Count all lines holding "Office" in the data below and say the number, nothing more.

• DATA RECORDS:
---------------

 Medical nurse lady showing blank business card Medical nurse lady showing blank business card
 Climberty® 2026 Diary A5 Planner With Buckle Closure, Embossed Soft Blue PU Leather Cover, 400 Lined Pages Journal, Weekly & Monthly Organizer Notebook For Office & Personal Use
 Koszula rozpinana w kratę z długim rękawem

---------------

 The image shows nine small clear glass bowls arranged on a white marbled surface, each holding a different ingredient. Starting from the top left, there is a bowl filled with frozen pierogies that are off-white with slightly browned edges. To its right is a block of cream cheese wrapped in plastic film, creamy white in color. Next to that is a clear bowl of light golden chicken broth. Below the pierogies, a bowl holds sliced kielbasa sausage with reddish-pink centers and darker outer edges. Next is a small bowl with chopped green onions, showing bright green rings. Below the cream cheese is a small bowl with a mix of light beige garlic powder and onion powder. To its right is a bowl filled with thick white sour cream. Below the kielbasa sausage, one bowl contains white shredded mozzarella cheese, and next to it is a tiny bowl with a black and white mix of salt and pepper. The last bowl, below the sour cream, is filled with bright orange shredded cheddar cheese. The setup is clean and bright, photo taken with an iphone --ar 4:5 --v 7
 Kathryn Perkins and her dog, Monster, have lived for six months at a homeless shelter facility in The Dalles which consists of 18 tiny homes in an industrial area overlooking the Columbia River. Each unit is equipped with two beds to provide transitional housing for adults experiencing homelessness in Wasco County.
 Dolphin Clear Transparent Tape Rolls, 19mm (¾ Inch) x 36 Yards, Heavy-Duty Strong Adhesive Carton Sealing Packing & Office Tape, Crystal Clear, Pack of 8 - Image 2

---------------

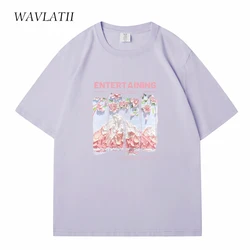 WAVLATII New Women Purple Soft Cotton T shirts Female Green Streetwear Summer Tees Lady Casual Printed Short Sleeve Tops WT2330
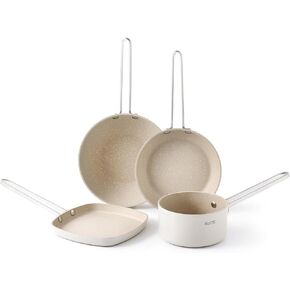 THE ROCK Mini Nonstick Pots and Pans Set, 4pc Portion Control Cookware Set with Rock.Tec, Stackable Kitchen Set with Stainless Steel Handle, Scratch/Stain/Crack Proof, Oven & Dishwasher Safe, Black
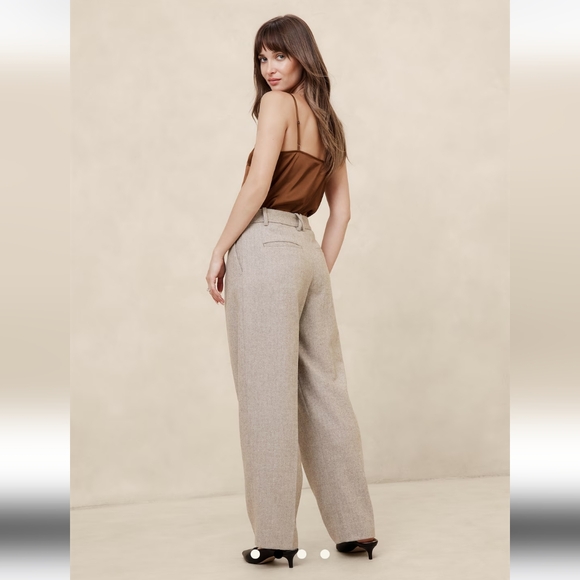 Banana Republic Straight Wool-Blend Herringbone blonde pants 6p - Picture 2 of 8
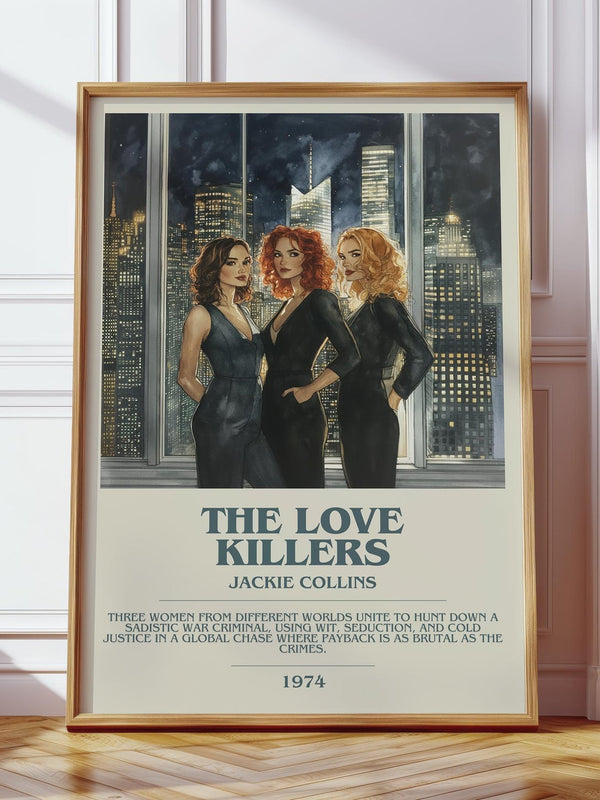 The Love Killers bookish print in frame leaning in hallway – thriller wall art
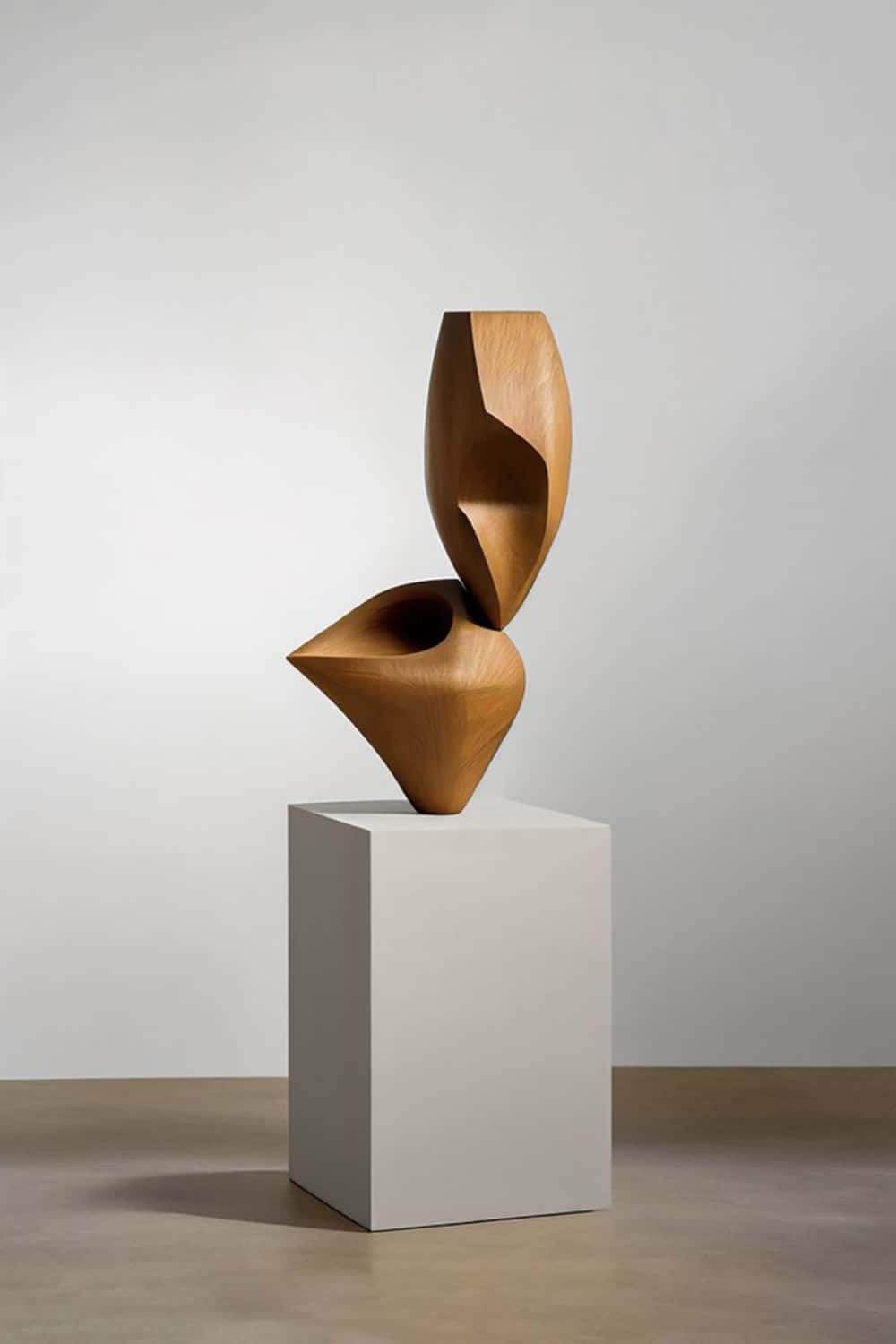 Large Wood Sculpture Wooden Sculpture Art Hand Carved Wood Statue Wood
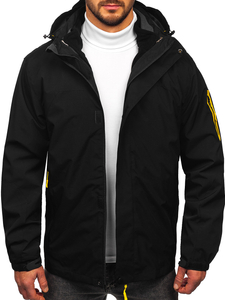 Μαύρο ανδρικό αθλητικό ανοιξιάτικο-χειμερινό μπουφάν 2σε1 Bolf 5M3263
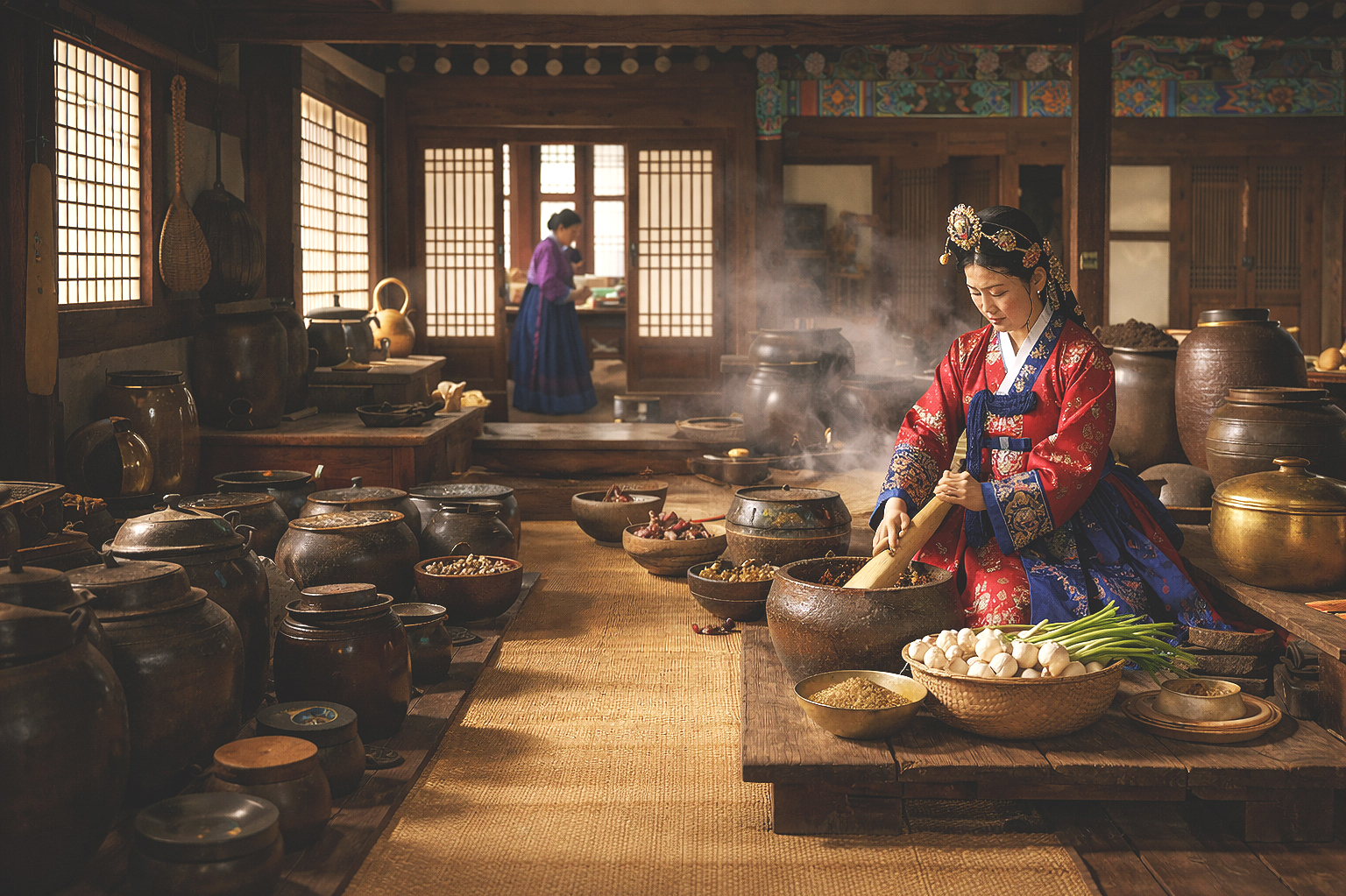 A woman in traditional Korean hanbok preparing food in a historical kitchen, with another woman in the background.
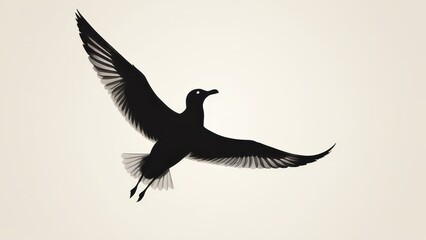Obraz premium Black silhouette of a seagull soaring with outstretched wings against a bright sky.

---------------

• PROBLEM SOLUTION:
2